WHAT IS BEING ASKED: Of the entries below, return exactly those lines that fall between the one containing "MOOIE VESPA SPRINT" and the one containing "2021 Buick Enclave Essence", the two end lines included.

MATERIAL FOR THIS EXERCISE:
# # # # # # #

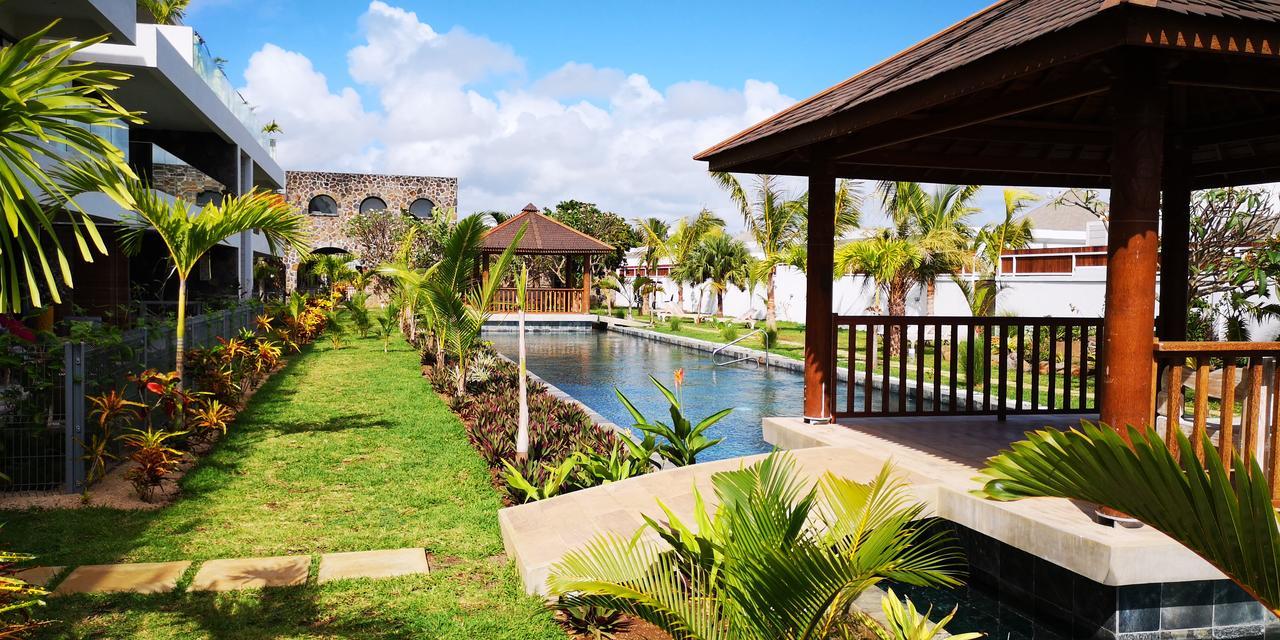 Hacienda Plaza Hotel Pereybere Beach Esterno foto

# # # # # # #

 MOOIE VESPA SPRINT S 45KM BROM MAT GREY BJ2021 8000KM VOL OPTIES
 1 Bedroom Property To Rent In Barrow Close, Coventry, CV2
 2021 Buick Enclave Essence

# # # # # # #

TASK RESULT:
 MOOIE VESPA SPRINT S 45KM BROM MAT GREY BJ2021 8000KM VOL OPTIES
 1 Bedroom Property To Rent In Barrow Close, Coventry, CV2
 2021 Buick Enclave Essence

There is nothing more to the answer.